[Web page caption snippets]
* * *
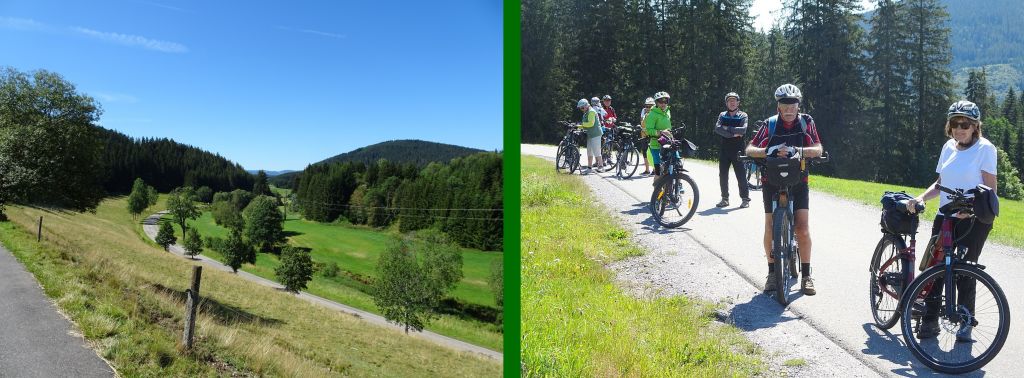 wald wald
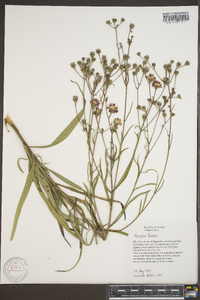 Vernonia texana image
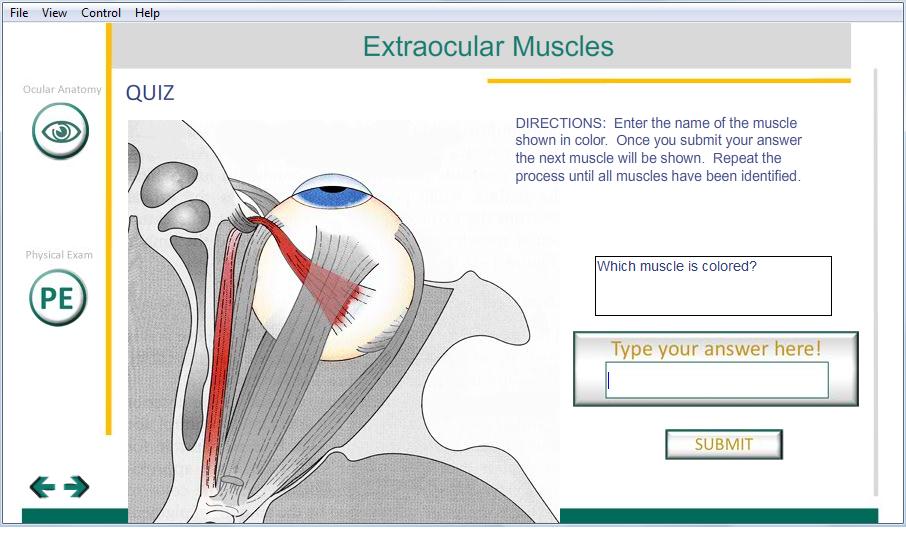 Ocular Anatomy Unit Instructional Design + Learning Science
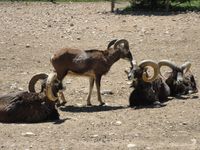 Bouquetins, mouflons, chevreuils et autres herbivores peuplent cette partie du parc.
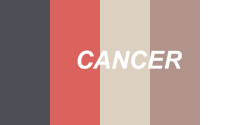 Every one of the twelve signs has its power colors that bring them luck, prosperity, and overall good energies. Tumblr Style Astrology Color Palettes Wattpad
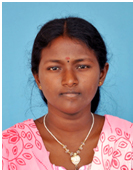 infosys placement photo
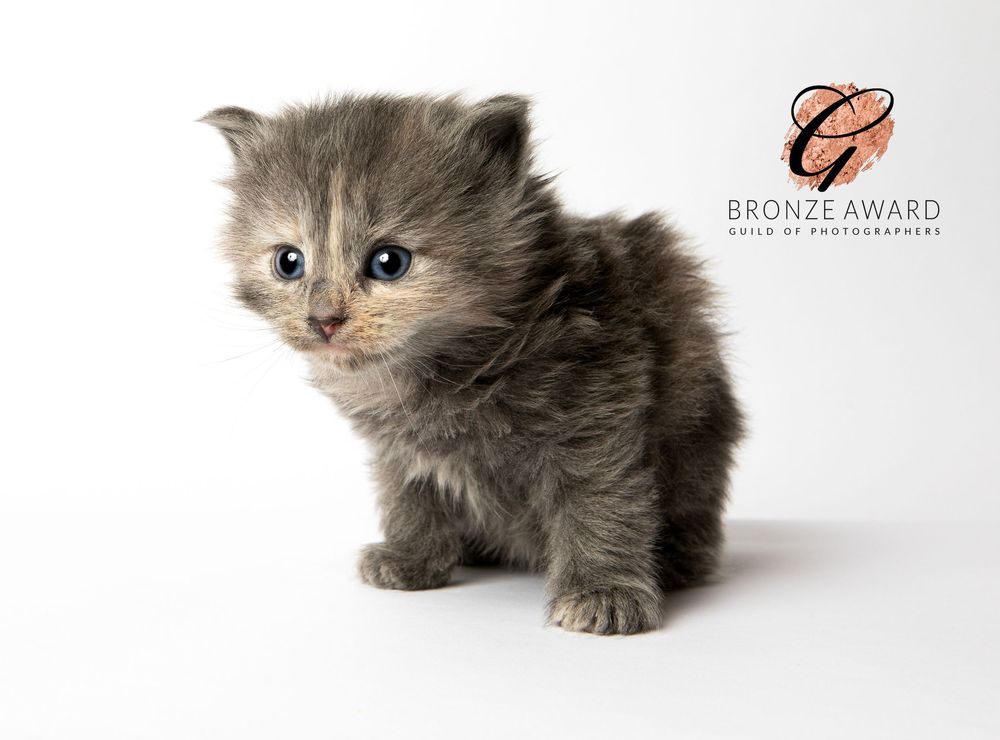Adorable gray and white fluffy kitten looking sideways against white background with bronze award logo.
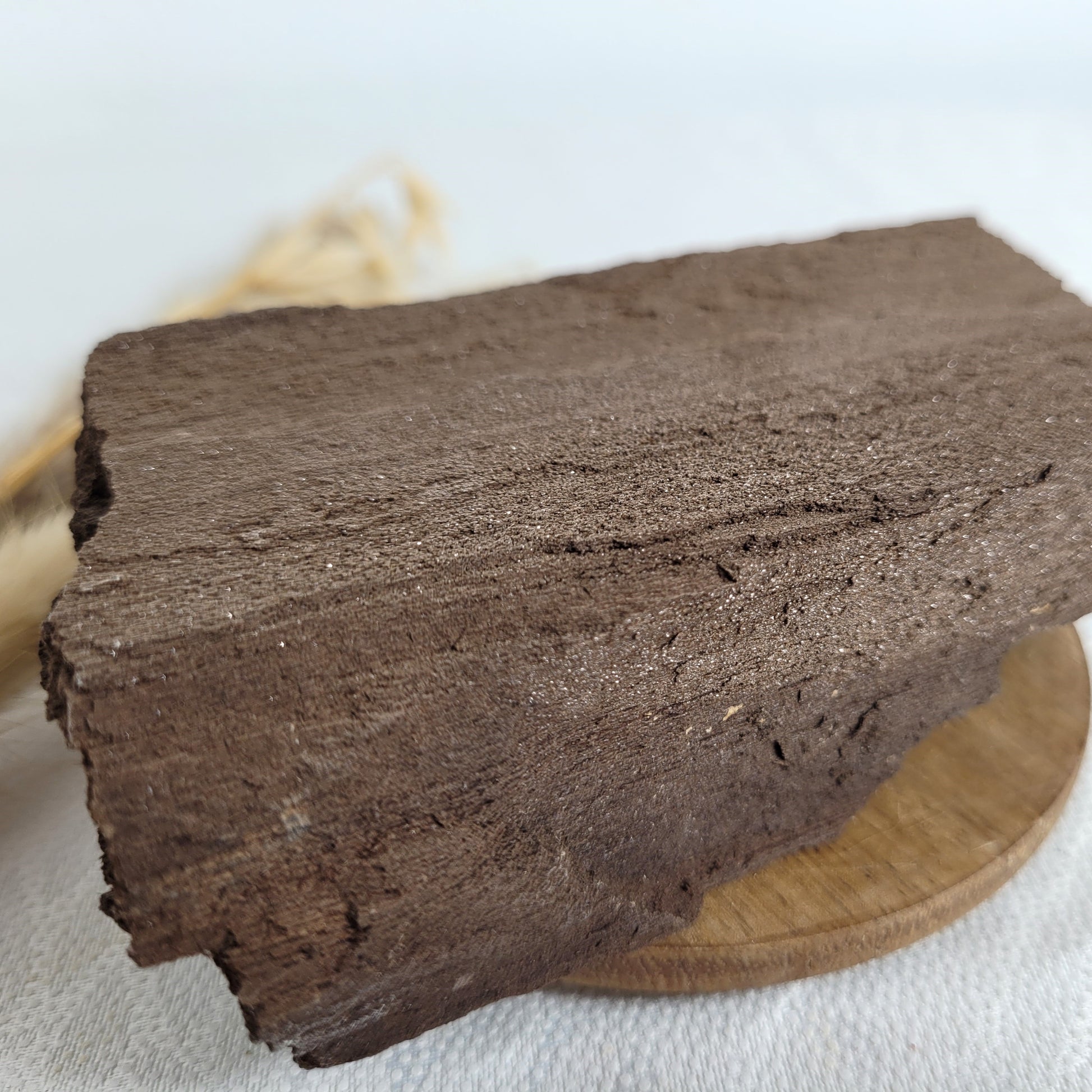 Versteinertes Holz mit Quarzkristallen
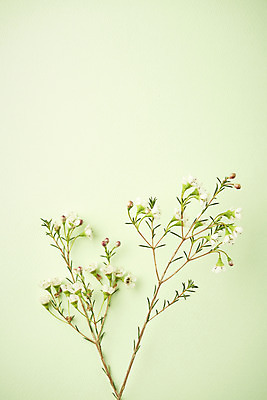 포토 JPG 스튜디오촬영 실내 따뜻함 사람없음 하이앵글 봄 오브젝트 감성 꽃가지 초록배경 국내포토 계절 꽃 뷰포인트 백그라운드 컨셉 내부 초록색 나뭇가지 파일형식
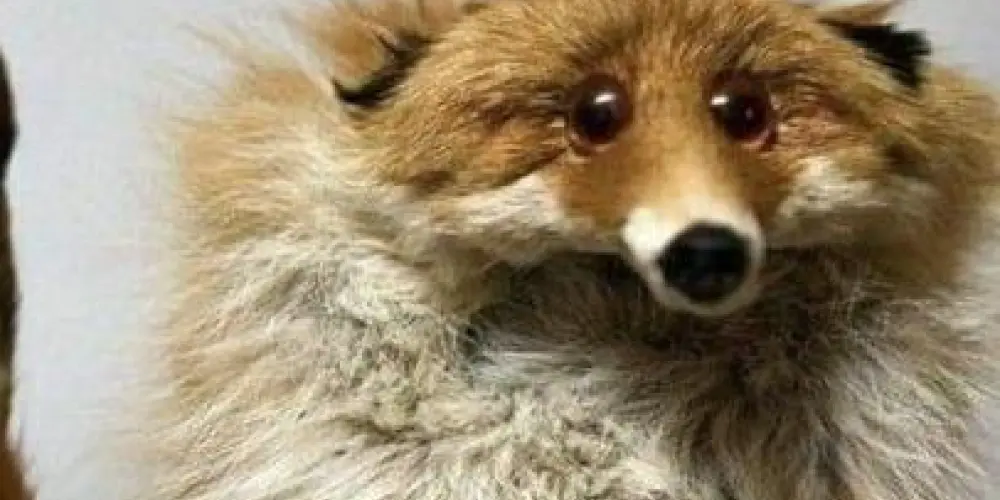 Imagem do grupo de WhatsApp _AMIZADES_ ❄️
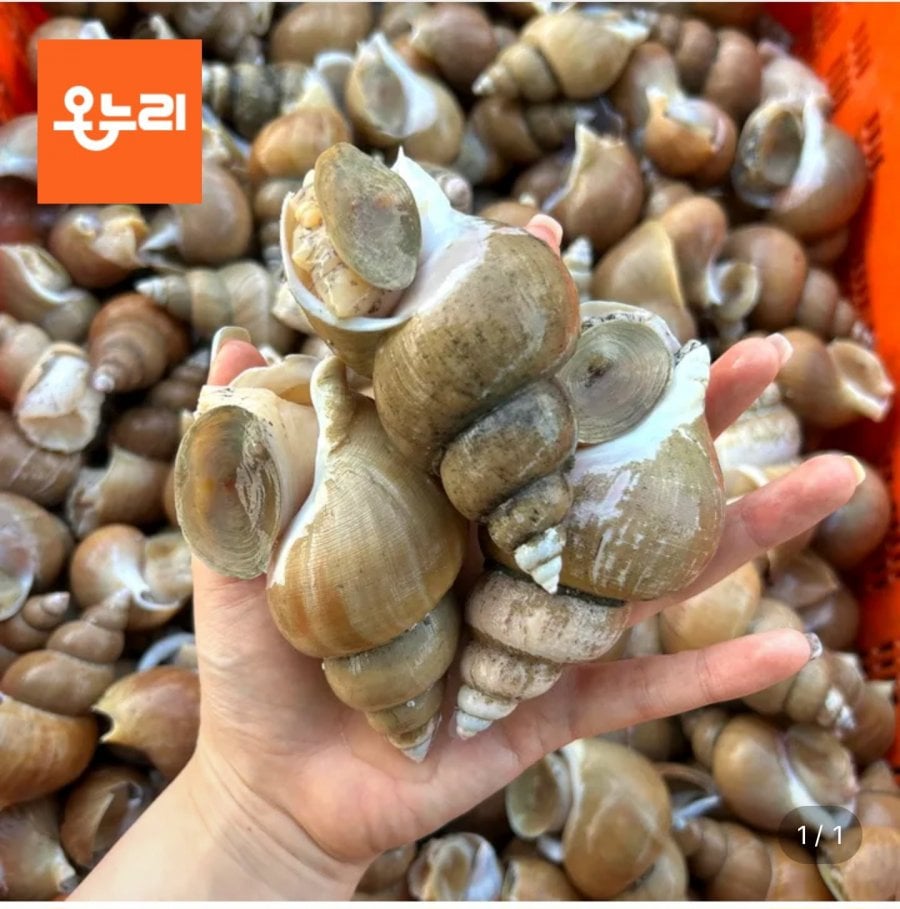 Baekgodong 1kg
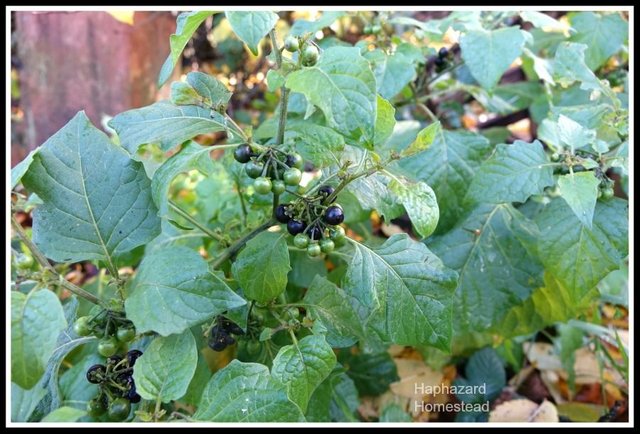 x black nightshade berries.jpg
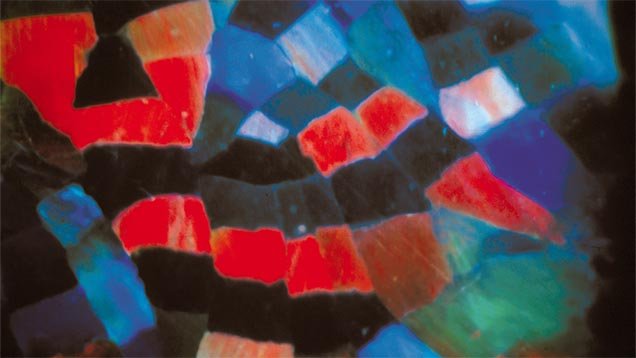 Dettaglio ravvicinato di pattern harlequin in opale nero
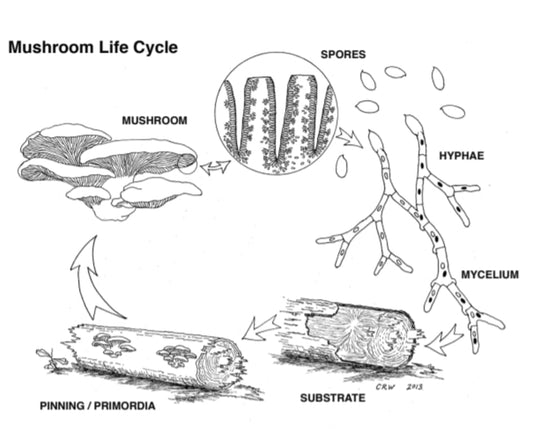 mushroom life cycle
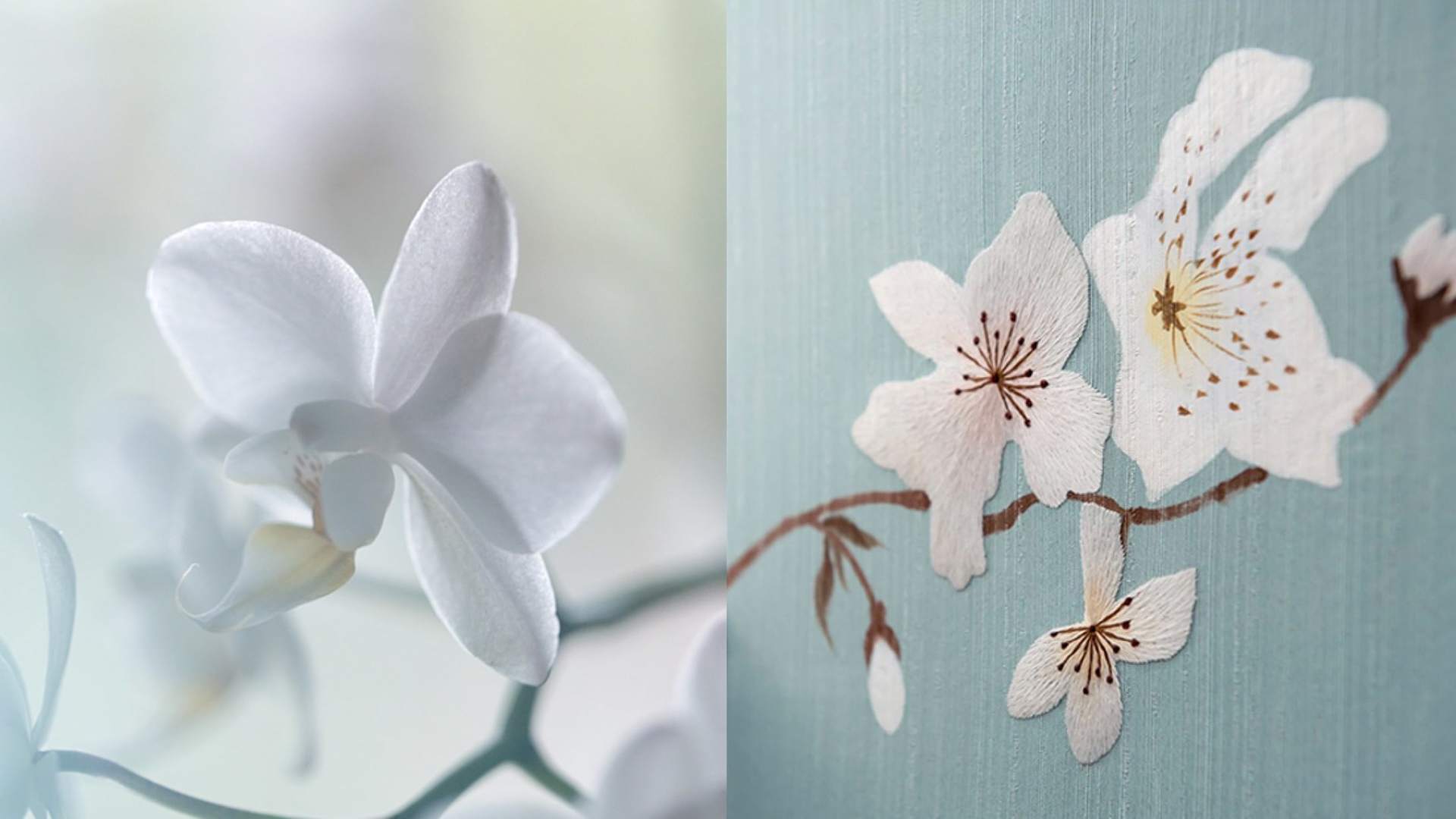 A flower shown next to the embroidered interior of a bespoke Rolls-Royce motor car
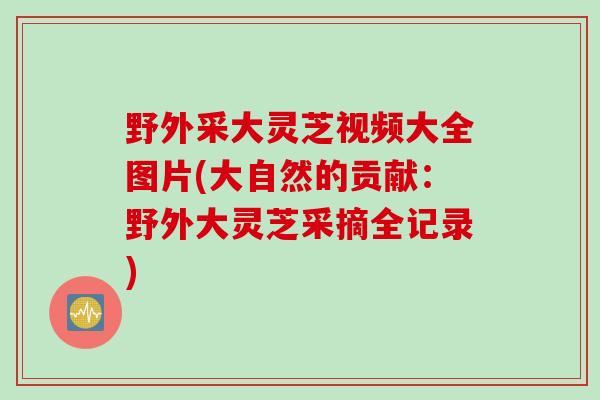 野外采大灵芝视频大全图片(大自然的贡献：野外大灵芝采摘全记录)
* * *
# THE PROBLEM
The answer must be the lines above from the one containing "Ocular Anatomy Unit" through the one containing "Every one of", reproduced exactly, with no pictures and nothing else.

# RESPONSE AREA
 Ocular Anatomy Unit Instructional Design + Learning Science
 Bouquetins, mouflons, chevreuils et autres herbivores peuplent cette partie du parc.
 Every one of the twelve signs has its power colors that bring them luck, prosperity, and overall good energies. Tumblr Style Astrology Color Palettes Wattpad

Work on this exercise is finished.